En 2004, des étudiants de Karlsruhe, en Allemagne, ont fondé l’association « Engineers ­Without Borders – Karlsruhe Institute of Technology e. V. » pour fournir les premiers secours au Sri Lanka après le tsunami qui a frappé le pays. Le club, qui n’est pas associé à l’ONG Engineers Without Borders (Ingénieurs sans frontières), compte plus de 100 membres répartis au sein de différents groupes de projets réalisés dans sept pays. Robert Jürgens est l’un des 22 étudiants du groupe pour le Sri Lanka qui, fin 2013, a construit une passerelle suspendue au-dessus du fleuve Bentara dans la région de Karawwa, au sud-ouest de l’île.

Comment avez-vous su qu’il fallait construire une passerelle à cet endroit ?
« Nous avions déjà réalisé deux projets au Sri Lanka.
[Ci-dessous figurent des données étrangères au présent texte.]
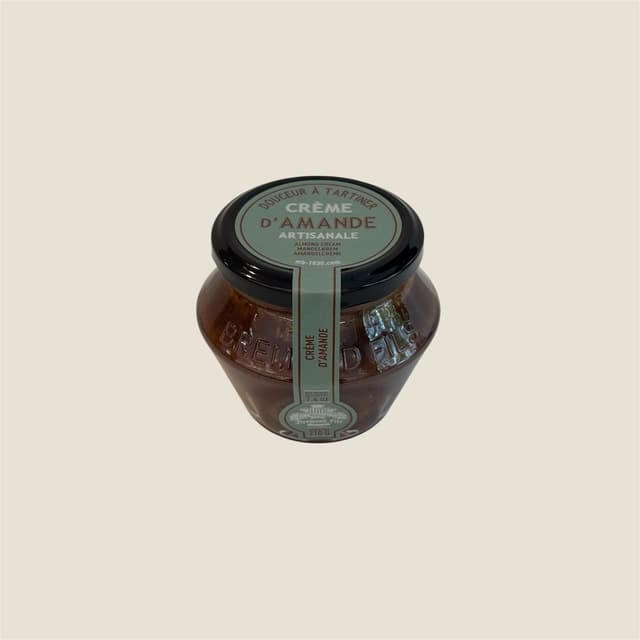 Crème d'amande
Nous avions donc des contacts qui nous donnaient des informations. Nous nous sommes rendus sur place et nous avons constaté que le fleuve séparait environ 2 000 habitants de leurs champs et de l’école. La traversée à gué était possible lorsque le niveau de l’eau était bas, mais c’était très dangereux pendant la mousson. Le projet était réalisable et vraiment utile, donc nous nous sommes lancés. »

Comment avez-vous choisi l’endroit exact ?
« Il y avait des raisons techniques liées à la solidité des berges, mais aussi à l’endroit où les habitants voulaient construire la passerelle, même si aucune route ne permettait d’atteindre le site. Nous avons dû construire une route temporaire à l’aide de palmiers que nous avons taillés afin d’acheminer les bétonnières manuelles jusqu’au chantier ! »
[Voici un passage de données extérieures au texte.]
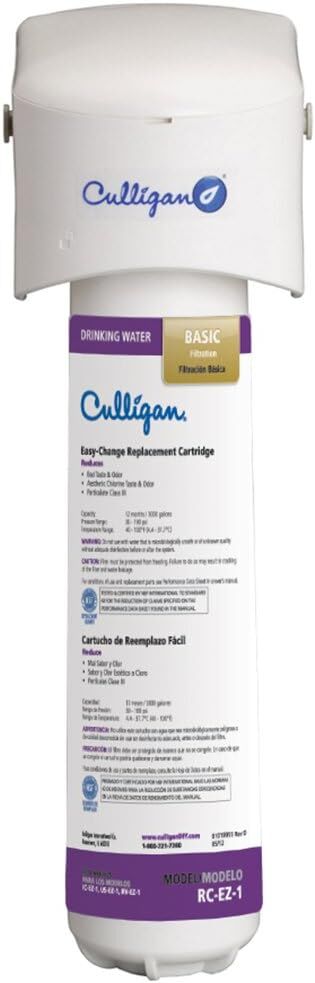 Culligan Basic Inline Icemaker And Refrigerator Filter System IC-EZ-1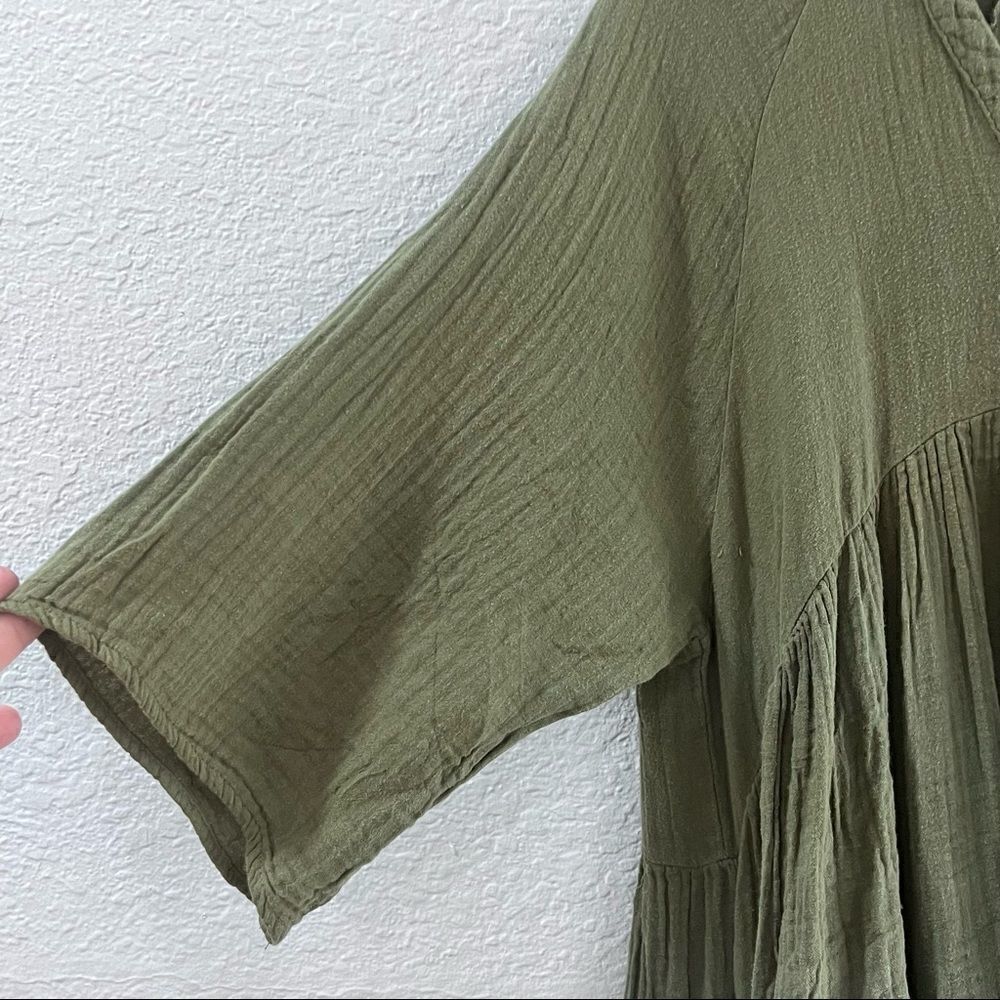 9Seed El Matador V-Neck Short Dress - Picture 6 of 12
Pourquoi une passerelle suspendue ?
« Il fallait un projet peu coûteux ! Notre budget était limité et j’étais la personne chargée de démarcher les entreprises pour obtenir du matériel et des financements. Nord-Lock nous a donné 1 300 paires de NL12sp, 400 paires de NL16sp et 50 paires de NL20sp pour que les centaines d’assemblages vissés de la passerelle restent bien serrés. Étant donnés les outils et la main-d’œuvre dont nous disposions, il fallait que la passerelle soit facile à assembler. Dans ces conditions quelque peu difficiles, nous souhaitions éviter le soudage. Les assemblages vissés constituaient une bonne solution. Pour que les boulons ne se desserrent pas, il était recommandé d’utiliser des rondelles Nord-Lock. De plus, nous ne voulions pas que la passerelle défigure le paysage. En effet, elle est assez imposante : une travée de 30 mètres pour une longueur totale de 56 mètres et une largeur de 1,30 mètre. »

Combien de temps vous a-t-il fallu ?
« La construction en elle-même a eu lieu de juillet à octobre 2013, avec un maximum de 22 personnes travaillant en même temps. Les habitants nous ont aidés et plusieurs villageois venaient tous les jours. L’un d’entre eux s’est montré particulièrement motivé et fiable. Aujourd’hui, il est responsable du pont et vérifie les assemblages et l’état du béton. Au total, le projet a duré presque deux ans. »

Qui entretient le pont aujourd’hui ?
« Comme pour tous nos projets, la maintenance a été confiée aux habitants et nos successeurs dans le club leur rendent visite de temps en temps. Cette année, neuf étudiants sont allés au Sri Lanka à la recherche d’un nouveau projet et ils ont inspecté nos constructions précédentes. »

En 2004, des étudiants de Karlsruhe, en Allemagne, ont fondé l’association « Engineers ­Without Borders – Karlsruhe Institute of Technology e. V. »

INFORMATIONS : Robert Jürgens
Âge : 25 ans
Parcours : Grâce à son diplôme d’ingénierie commerciale obtenu à l’Institut de technologie de Karlsruhe, Robert Jürgens était la bonne personne pour gérer la logistique, le financement et l’aspect « relations publiques » du projet de construction de passerelle à Pitigala.